Archaeological Adventuress: After her weariness in series two this is an astonishing representation of Bernice, she bursts from this story as the fun, funky, utterly delightful heroine we all remember. Shallow? Moi? Bernice is in love with shoes and will go to any lengths to shop for them! Braxiatel thinks Bernice is hiding an ulterior motive for going to the Gigamarket beyond the dig in the car park…as if she would come all this way just to buy lots of shoes! He has much to learn… Adrian will be quite happy to know she has borrowed his credit chip to get the bare essentials for the baby…and her feet! When Keelor realised that Bernice was going to take over the dig his heart leapt like a salmon!
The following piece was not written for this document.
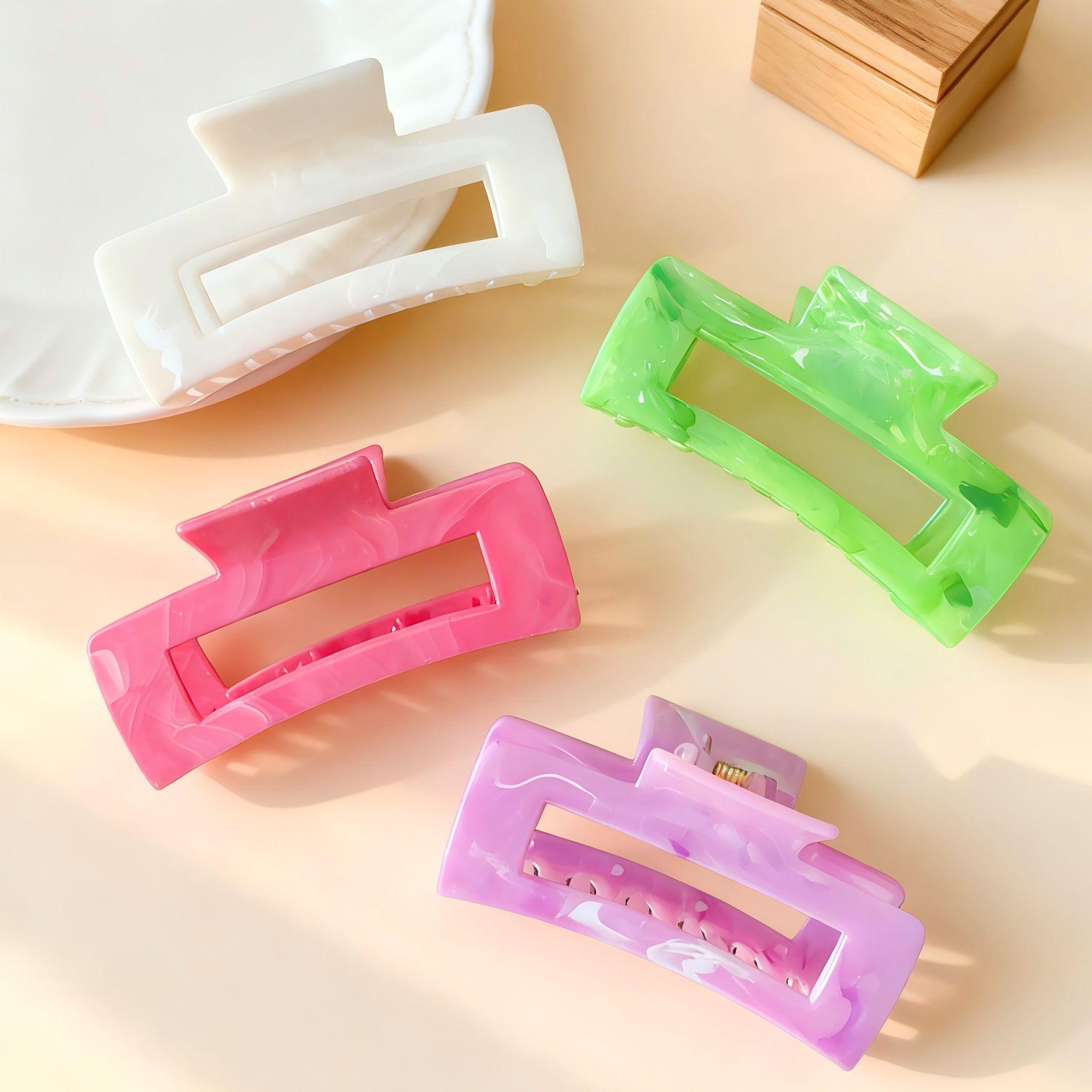 

Заколка для волос с текстурой мрамора и градиентом для женщин - Простая модная заколка с блочным узором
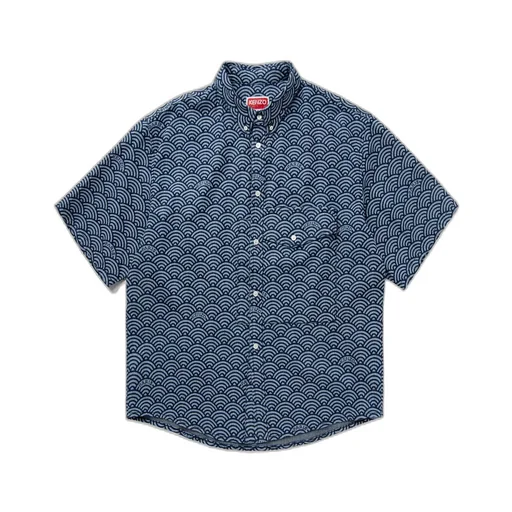 Seigaiha Short Sleeved Denim Shirt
They have a book display for Down Amongst the Dead Men with a 30-foot Bernice in a skimpy costume! Joseph keeps trying to sell Bernice upgrades (for a small cost he can be programmed to answer rhetorical questions). We never find out what precisely he is referring to (or who) but Joseph relays one of Benny’s diary entries where she enthuses excitedly about an absolutely enormous, biggest-one-she’s-ever-seen! If there’s one thing she’s learnt in the (mumbles) years of her life its there’s no such thing as co-incidences. A diversion, a tasty titbit in case Keelor gets cornered! Benny slaps Tarvin about until he realises that violence is not always the answer! All she wanted was a few pair of bloody shoes to make her feel like a woman again – not a dusty archaeologist with sand in her knickers!
Standout Performance: Toby Longworth gives a perfectly repulsive performance as Joggon…which is precisely the idea! This is the same man who brought us Beep the Meep and Dogbolter! He’s very diverse as villainous nasties!
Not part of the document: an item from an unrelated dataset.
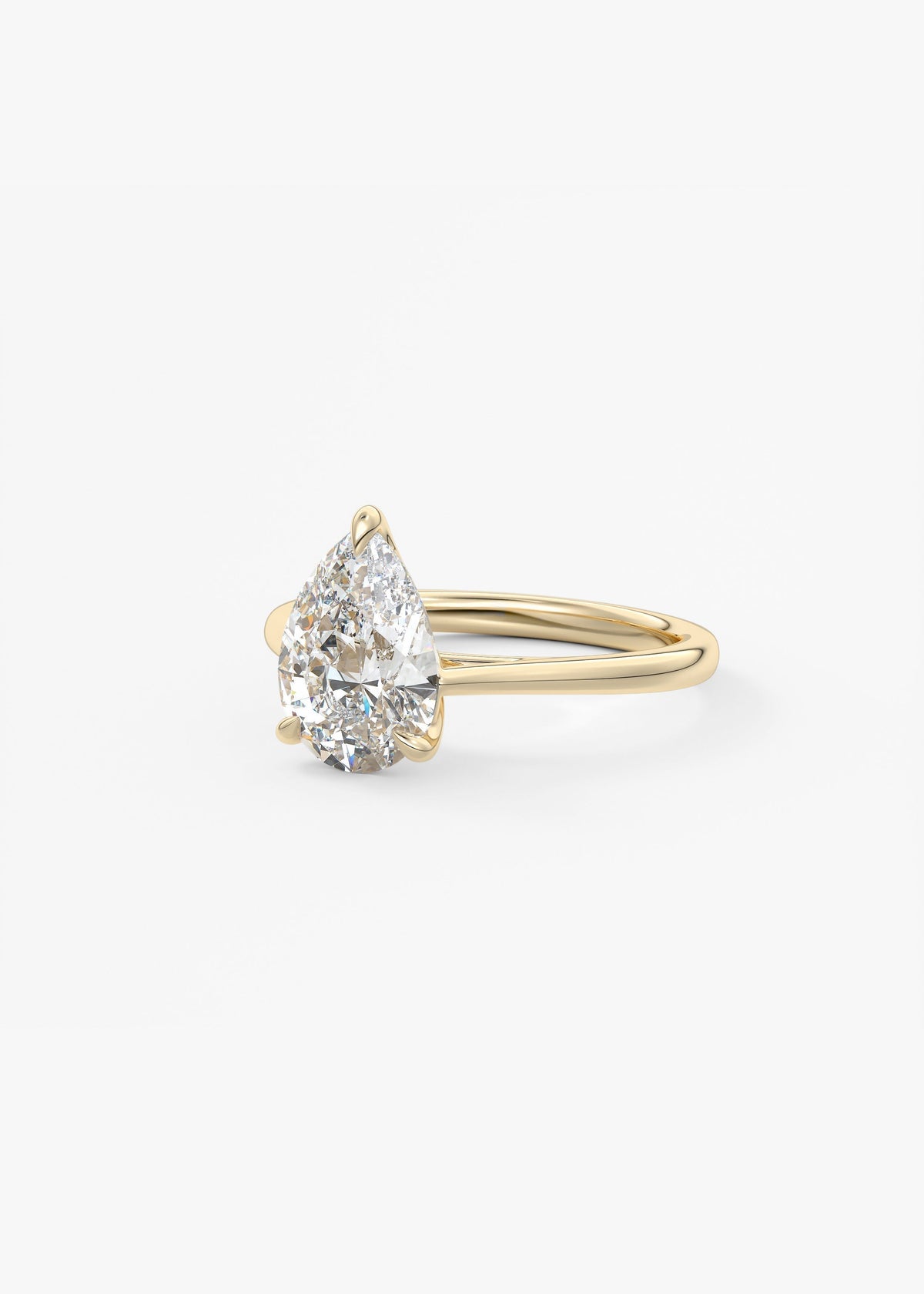 Pear Solitaire Cathedral Lab Grown Diamond Engagement Ring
Sparkling Dialogue: ‘Bugger that, give me a discount on the shoes!’
‘Keelor, you seem to be standing in a cow.’
‘Oh granny…what big eyes you have!’
‘I’ve been shot at, blown up, spat on a served as lunch…I’ve had enough!’
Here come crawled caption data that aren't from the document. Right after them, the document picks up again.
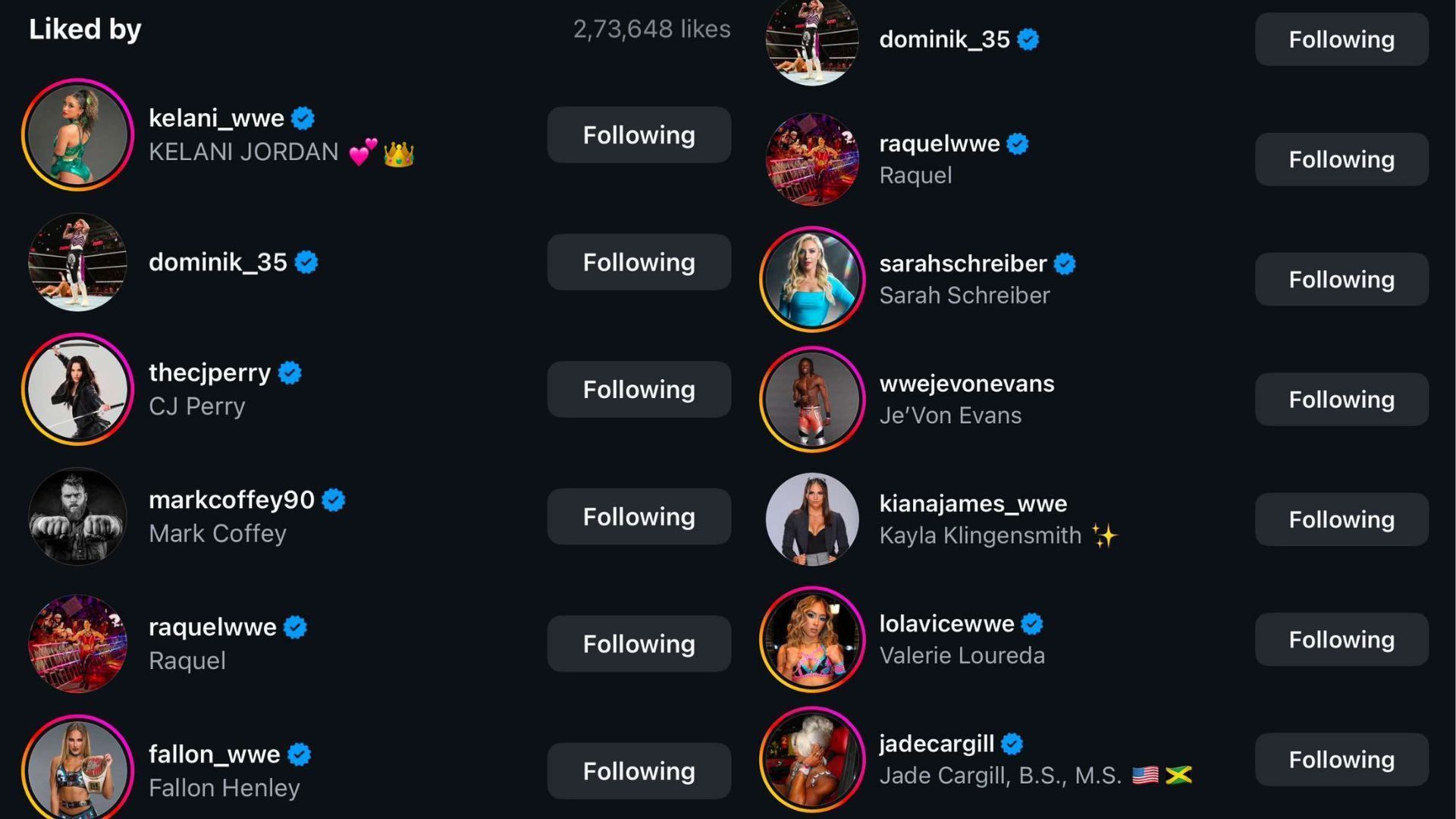 Several superstars liked the video of Rhea Ripley getting busted open on NXT (Image Credits: WWE on Instagram)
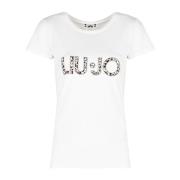 Klassieke Ronde Hals T-Shirt Liu Jo , White , Dames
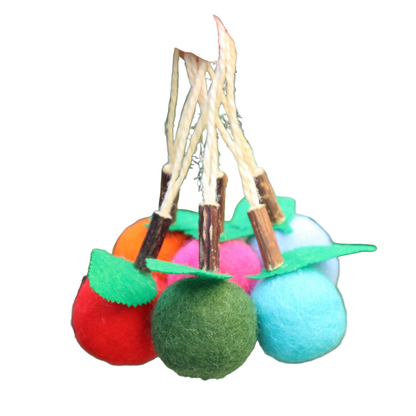 Multiple colors of the fruit-shaped dangling cat toy held together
Great Ideas: I love the title – a great pun on a popular McCoy story. Ooh Joseph is back – not heard from since season one! How funny – Adrian set his chip to lukewarm as soon as he realised Bernice had left him with the baby whilst she went gallivanting shopping. LSD implanted footwear – can I have some of those? The shoes turning back into cows! One week ago Adrian’s chip was set at ‘Cor blimey guv’nor, d’you wanna take the shop as well?’ There is a vegan terrorist faction who don’t agree with the sale of shoes. Rescued by soldiers from the past, a century out of date! Tarvin is Keelor’s grandfather and to convince him this is the case Bernice suggests he tells him something only he could know as his grandson but unfortunately he fudges it by telling him how he dies! A tidy little sideline in boil in the bag humans…supplying to cannibals? The Gigamarket exists in two separate time zones, one in the human section and one in the Borvali Protectorate – nobody had ever tried to sell them anything before, doing business with the enemy. They took a long time to accept a humanely killed product (person) rather than the live alternative! Time spillage on this scale will arm a bomb the like of which you have never seen so the corporation cannot be blamed for how things have gotten out of control – give the executives time to leave the planet and then BOOM! To be covered in expectorate (slobber) from one of the Vorax family is a rare honour! Keelor sabotaged the time systems. The sabotaged time field containing the explosion, rewriting it back to the point of detonation, letting it run so far and then dragging it back again. The bomb exploded hours ago – the chain reaction has moved too far, there is no way of predicting how long between each explosion sequence. The explosion gets longer, the instability worsening with every loop. Bernice’s credit chip bounced and her shoes have been impounded!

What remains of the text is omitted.